Understanding proper wine storage helps determine the wine rack or wine cabinet that’s right for you.
When it comes to storing wine, let it lie. Whether white or red wine, select a wine rack or wine cabinet that accommodates the bottles of wine lying on their side. This allows the cork to maintain moisture and the sediment to collect on the bottom of the bottle.
Of course, you will want to display your new, beautiful wine rack or wine cabinet in a prominent place in the home. But when selecting the location of your focal point, keep two key environmental factors in mind: light and temperature.

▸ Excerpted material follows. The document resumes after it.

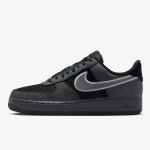 NIKE Tenisice AIR FORCE 1 '07 LV8 ESS+ 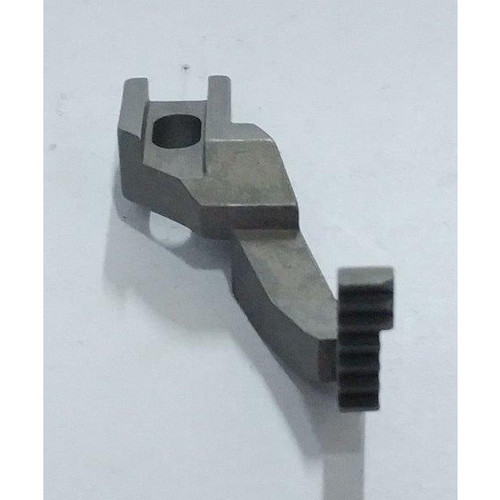 Diff Feeder F/Peg - Generic #257262-16F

Avoid exposure to direct sunlight. Even if it isn’t warming your wine bottle to the touch, direct sunlight can be detrimental to your wine. This exposure will result in a change or loss in the flavor. If you have your heart set on displaying your wine in a sunny room, there are many wine cabinets or wine storage racks that can help reduce the exposure to direct sunlight.
Keep things cool. Ideally, you want to store your wine between 55 and 57ºF. Why? Heat affects the aging of wine by maturing it faster. If the wine matures too quickly, the fruit will develop a different taste and possibly lose its flavor.
Unable to keep things cool, but still want to store and display your wine? We have a solution for you. Don’t aim for long-term storage if warmer temperatures are unavoidable. Select and store wine you plan to enjoy in six months or less.
Select an area of the home for your wine storage that will remain under 70ºF and not experience wide temperature fluctuations. Temperature variations may cause the cork to expand and contract, letting air into the bottle. The wine can become oxidised under these conditions.
Strive for balance in your humidity levels. High-level humidity can cause deterioration of the wine labels. Low-level humidity can cause the cork to shrink, and oxidize the wine.
Even though you may have put a good dent in your wine collection, after a party there may be an opened bottle or two you would just hate to throw out. Save the wine with a vacuum seal and store it in the refrigerator. Store vertically. If bottles are positioned on their sides, you run the risk of leakage; plus, keeping the cork moist by storing horizontally is more for long-term storage, not short term. Note: some wines will not store well after being opened, while others may be good from one to three days. Some wines hold up well for a few days and others deteriorate quickly… so drink up and don’t waste.
Wine storage depends a great deal on how the wine was bottled. You will find cork, synthetic cork and screw cap bottles of wine. Cork is the traditional method for sealing. Corked bottles, as well as synthetic corked bottles, should always be stored on their sides.
In recent years some great wines have come out with a screw cap. Screw caps give wineries more control over environmental factors, while corked wines may develop an odor. The culprit is a chemical called 2,4,6-trichloroanisole or TCA, which causes wines to pick up a dank, moldy, wet cardboard left-in-your-basement smell. You won’t get sick from consuming a corked wine with TCA, but once your nose picks it up it makes the wine terribly unpleasant to consume. A screw cap better ensures that the wine will arrive at your table the way it was intended, since screw cap seals are less affected by environmental factors than cork sealed bottles.